TO DO: For each record that follows, restate the text exactly and drop the pictures.

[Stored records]
· · ·

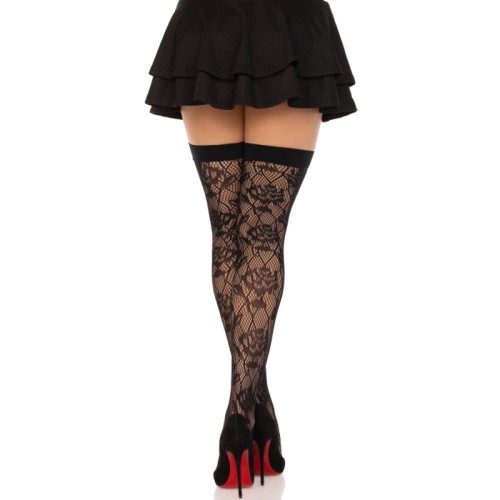 Leg Avenue Black Wild Rose Net Stockings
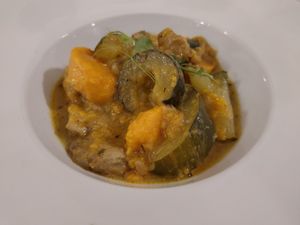 Sweet potato, zucchini and no-chicken curry stew at El Vergel Veggie Restaurant in Tarragona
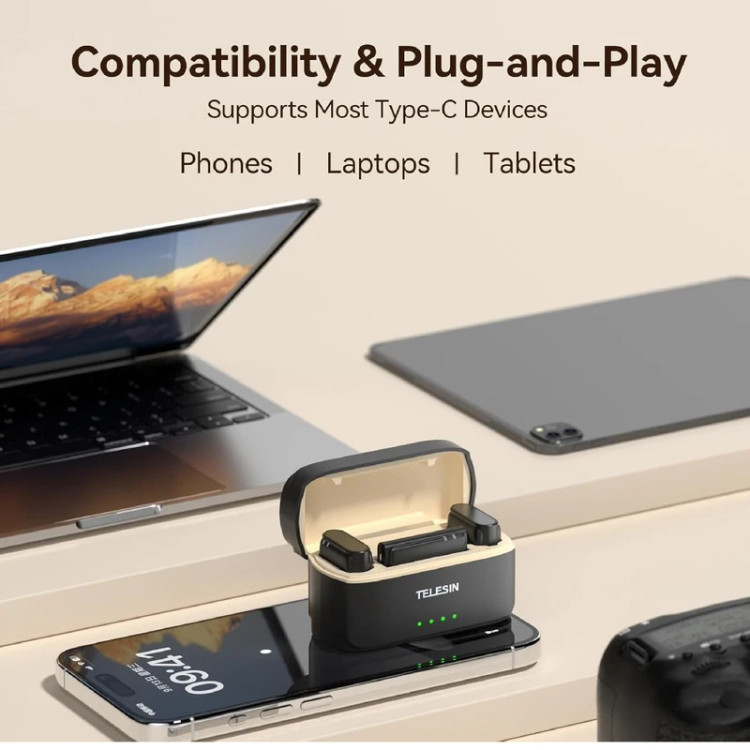 ست میکروفن بی سیم تلسین مدل P5-MCP-01 با درگاه اتصال Type-C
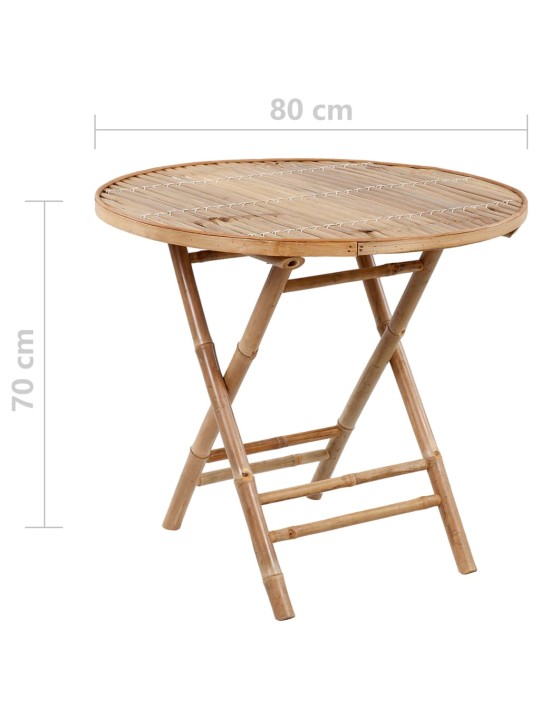 5dílný skládací zahradní jídelní set s poduškami bambus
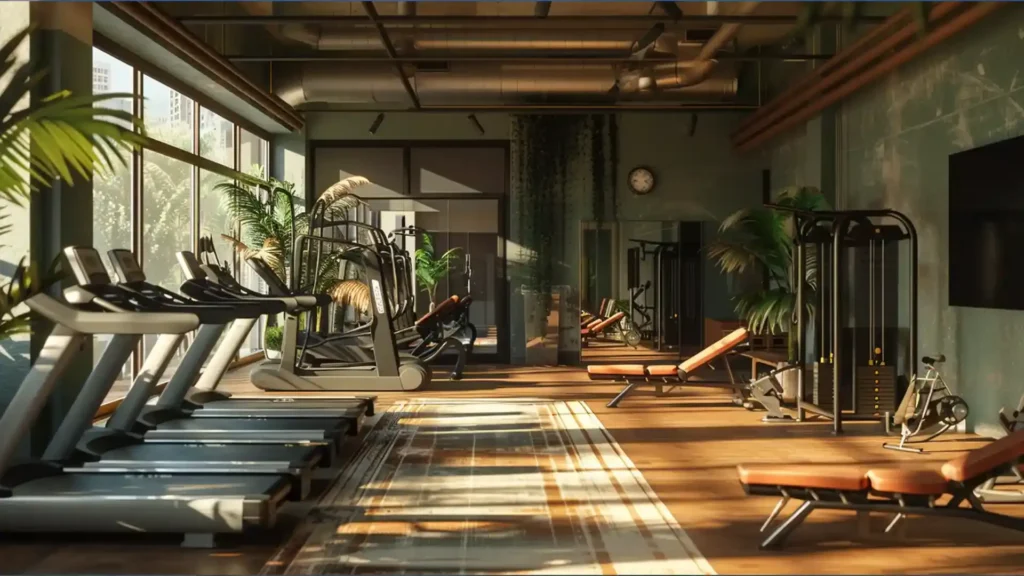 A well-lit, modern gym interior with treadmills, weight benches, and various exercise equipment, complemented by green plants and large windows.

· · ·

RESPONSE TO THIS EXERCISE:
 Leg Avenue Black Wild Rose Net Stockings
 Sweet potato, zucchini and no-chicken curry stew at El Vergel Veggie Restaurant in Tarragona
 ست میکروفن بی سیم تلسین مدل P5-MCP-01 با درگاه اتصال Type-C
 5dílný skládací zahradní jídelní set s poduškami bambus
 A well-lit, modern gym interior with treadmills, weight benches, and various exercise equipment, complemented by green plants and large windows.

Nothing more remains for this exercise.